There are many ways to interact with Hadoop from R. One of the most popular solutions is to use R in combination with Spark. In this workflow, R is an orchestrator. The analyst writes R code, and the R code in turn directs the heavy-lifting to a separate computational engine (Spark). As an orchestrator, R is communicating extensively with the cluster. Often small, aggregated results are brought back into R for further analysis. For those reasons, it is recommended to run R and RStudio on an edge node of the cluster.

A few solutions that follow this workflow include: sparklyr, Microsoft R Server,

Q: I have a Data Appliance that supports R (Oracle BDA, Teradata, SAP Hana, Microsoft SQL Server). How can I use RStudio?

There are usually two types of integration between these tools and R. (Some of the tools support both types.)

Type 1: The appliance calls R, which returns its results to the appliance.

Many appliances define their own processing step that reaches out to R. For example, an analyst can write a SQL statement that includes a calculated column, where the calculation is an R function call.

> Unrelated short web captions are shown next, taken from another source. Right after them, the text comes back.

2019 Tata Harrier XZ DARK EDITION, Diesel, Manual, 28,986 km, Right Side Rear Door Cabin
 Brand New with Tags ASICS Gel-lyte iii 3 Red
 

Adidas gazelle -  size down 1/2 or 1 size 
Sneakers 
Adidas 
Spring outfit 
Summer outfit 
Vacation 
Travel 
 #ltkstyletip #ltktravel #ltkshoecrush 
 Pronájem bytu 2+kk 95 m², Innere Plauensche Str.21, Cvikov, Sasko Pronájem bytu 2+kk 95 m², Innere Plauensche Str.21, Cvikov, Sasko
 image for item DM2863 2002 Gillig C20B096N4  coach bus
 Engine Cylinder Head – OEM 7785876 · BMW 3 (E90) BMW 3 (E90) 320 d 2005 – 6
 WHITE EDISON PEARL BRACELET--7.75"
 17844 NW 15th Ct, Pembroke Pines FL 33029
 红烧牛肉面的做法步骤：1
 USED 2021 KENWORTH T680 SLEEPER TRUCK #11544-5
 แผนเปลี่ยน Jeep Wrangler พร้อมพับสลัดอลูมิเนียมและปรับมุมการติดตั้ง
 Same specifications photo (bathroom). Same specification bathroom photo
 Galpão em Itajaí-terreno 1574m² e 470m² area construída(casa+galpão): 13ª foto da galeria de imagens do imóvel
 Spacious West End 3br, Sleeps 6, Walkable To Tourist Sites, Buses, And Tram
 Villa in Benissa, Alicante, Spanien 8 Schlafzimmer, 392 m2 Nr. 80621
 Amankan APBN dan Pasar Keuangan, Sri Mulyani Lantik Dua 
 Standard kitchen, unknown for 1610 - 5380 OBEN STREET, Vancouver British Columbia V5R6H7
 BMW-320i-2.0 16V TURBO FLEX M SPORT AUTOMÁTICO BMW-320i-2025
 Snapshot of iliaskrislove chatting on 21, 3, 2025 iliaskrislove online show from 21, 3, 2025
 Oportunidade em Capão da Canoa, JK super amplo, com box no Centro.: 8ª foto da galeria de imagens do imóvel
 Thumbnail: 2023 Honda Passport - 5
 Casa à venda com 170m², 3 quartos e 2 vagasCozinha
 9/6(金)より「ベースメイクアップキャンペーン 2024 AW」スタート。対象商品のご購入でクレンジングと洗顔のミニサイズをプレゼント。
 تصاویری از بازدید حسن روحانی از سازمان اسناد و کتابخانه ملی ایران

RStudio cannot be directly used in this case. However, the R analyst creating the function can develop and test the code in RStudio.

Type 2: R calls the appliance, which returns its results to R.

In this use case, the appliance is treated as a data source or external computation engine for R. For example, I might write a query that returns a subset of the data into R. Or, I might push the computation of a supported model into the data warehouse. Usually the integration between R and the Appliance is provided by a specialized R package.

For Type 2, the RStudio IDE is used. The R package abstracts the details of communicating and accessing the appliance.